Every day trafficking victims, many of whom are simultaneously victims of domestic violence, appear in courtrooms throughout the United States. Rarely are they identified as victims of domestic violence and even less frequently are they recognized by judges and court personnel as the victims of sex or labor trafficking that they are.

What is the connection between human trafficking and domestic violence? Are there telltale signs that the litigant in your courtroom is a victim or perpetrator of human trafficking and domestic violence? What can be done to accurately identify cases of human trafficking, especially when they dovetail with cases of domestic violence? How can you help protect victims and hold their abusers accountable? This article will explore these questions.

Traffickers or Batterers?

The simplest and one of the most prevalent connections between domestic violence and human trafficking is when they completely overlap, as they did in Kika’s and Chantal’s cases. Especially in cases of sex trafficking, traffickers and intimate-partner abusers are often one and the same. In fact, sex trafficking is often an extreme form of intimate-partner violence in which traffickers are pimps and batterers rolled into one. Kika’s and Chantal’s cases are prototypes of this kind of trafficking.

Kika was a young mother living in Venezuela and working as an accountant when she met Daniel, a fellow employee at a Caracas hotel. He began to ask her out on dates, romanced her, and always seemed to place her needs above his own. He even offered to give her daughter, born out of wedlock, his last name, a gift beyond measure in Venezuela’s conservative society. Deeply in love, Kika agreed to follow him to the United States, only to encounter a very different Daniel once she arrived. Here, Daniel, together with his cousin Sandra, monitored her every move, confiscated her savings and passport, and demanded that she pay off an ever-growing debt. Finally Kika, succumbing to Daniel’s pleas and Sandra’s threats, went to the brothel managed by Sandra. The first night she provided sexual services to 19 buyers. Daniel was simultaneously Kika’s abusive intimate partner and the agent of a family-based sex-trafficking ring preying on young women in Venezuela. Kika was not his first victim, nor would she be his last.
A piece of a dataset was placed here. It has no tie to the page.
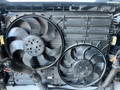 передняя часть (ноускат) Volkswagen Sharan 2 поколение [рестайлинг] 2018, 1.4 л., CZDA, бензин, АКПП, минивэн - фото №15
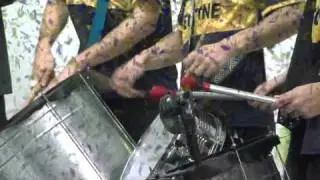 Batucada Futbolera de Boca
Chantal fell in love with John, a young man living in her inner-city neighborhood, after he told her how much he wanted a family too. Once she became pregnant by him, John turned abusive. Shortly after the birth of John Jr., Chantal fled into a domestic violence shelter. Two years later, a struggling single mother, she ran into John on the street. He begged Chantal’s forgiveness for mistreating her and promised never to lay a hand on her again. He vowed that he was now ready to be a father to their son, a statement that meant the world to Chantal, who had been raised without a father and always longed for one.

Soon John moved into Chantal’s apartment and began to shower expensive presents on her and John Jr. Although John did not physically abuse Chantal, he was controlling and critical of her. He was especially critical of her job as a supermarket cashier. “You’re only making minimum wage,” he kept telling her. “You could make so much more if you used your best assets.” He finally explained why he had so much cash. He was working as a pimp. He began to pressure Chantal to enter “the life.” He promised her that it would be “just for a little while,” to earn money to buy the house she had always dreamed of. Little by little John broke down Chantal’s resistance. Soon she was walking the track. When she refused to go out at night after the murder of another prostituted woman, John beat her.
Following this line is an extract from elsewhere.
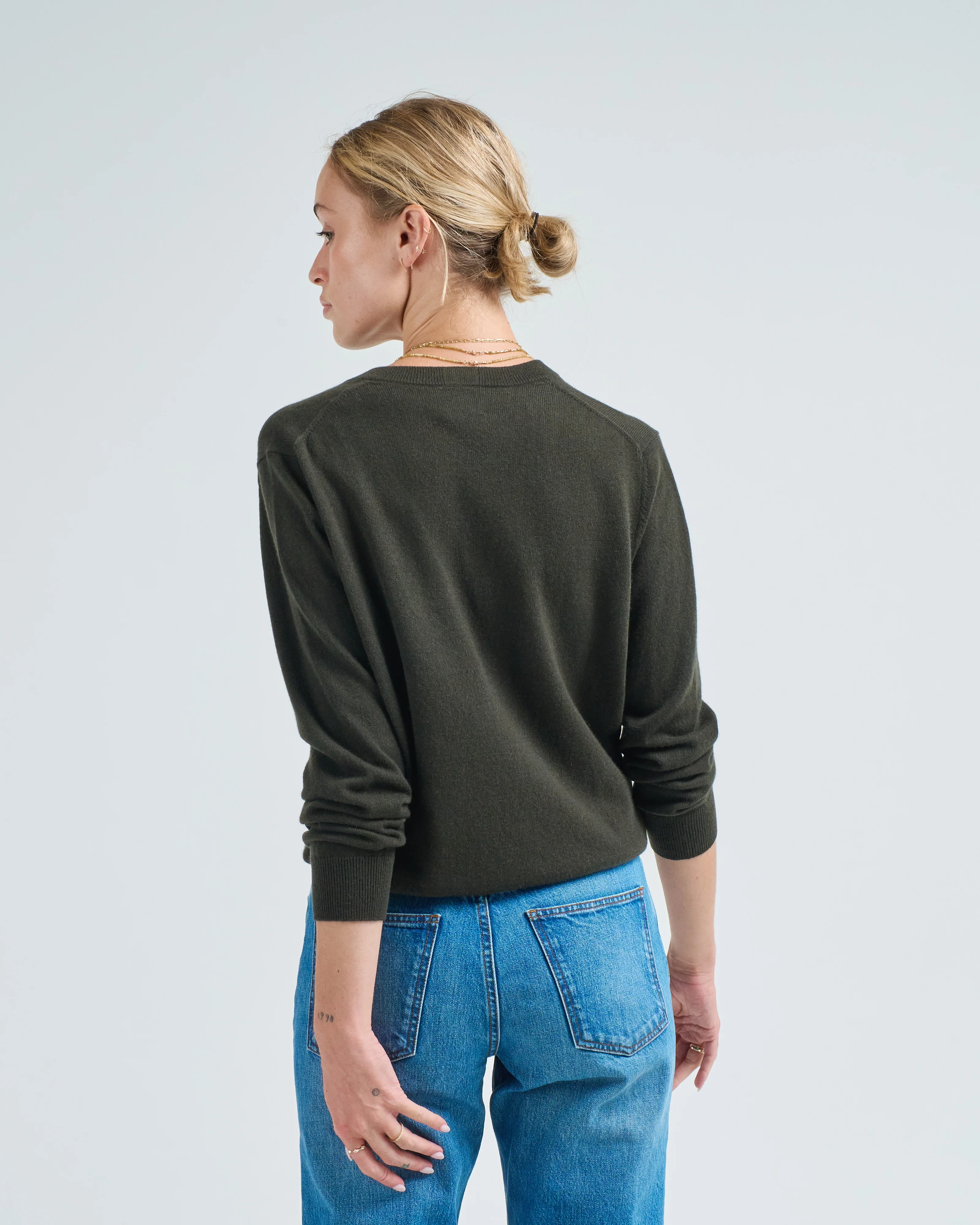 vneck sweater - Image 4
Daniel and John, like so many other traffickers, initially held themselves out as devoted boyfriends. All over the world pimps, a subset of traffickers, have learned that the best way to recruit vulnerable women and girls into prostitution is through love and romance. Often these traffickers are part of organized rings that train young men in the time-honored tactics of successful pimping. Their techniques of manipulation and control are especially effective with girls and young women who have grown up in conditions of poverty, who have lacked supportive fathers in their lives, and/or who have survived abuse at the hands of a family or community member. Already traumatized, these girls and women are often susceptible to revictimization.

The modus operandi of intimate-partner traffickers is usually a mixture of rewards and punishments—gifts and protestations of love followed by verbal slurs and beatings. These traffickers convince their victims that they are outside the law and can never seek protection from the police. They reinforce their victims’ sense of exclusion from society by remaking their identities, often giving them new names and provocative attire and sometimes branding them with tattoos to demonstrate their status as chattel. Isolated from their families and communities, subjected to psychological and physical coercion by men they love and depend on, victims are gradually stripped of their sense of self and seasoned into new identities. Frequently the trauma they sustain as a result of this brutal, dehumanizing treatment—psychological torture as defined by Amnesty International—leads them to view their tormentors as their protectors. Once called Stockholm Syndrome, “traumatic bonding” is the name mental health professionals use to describe the condition of psychological enslavement not uncommon in cases of victims of intimate-partner sex trafficking.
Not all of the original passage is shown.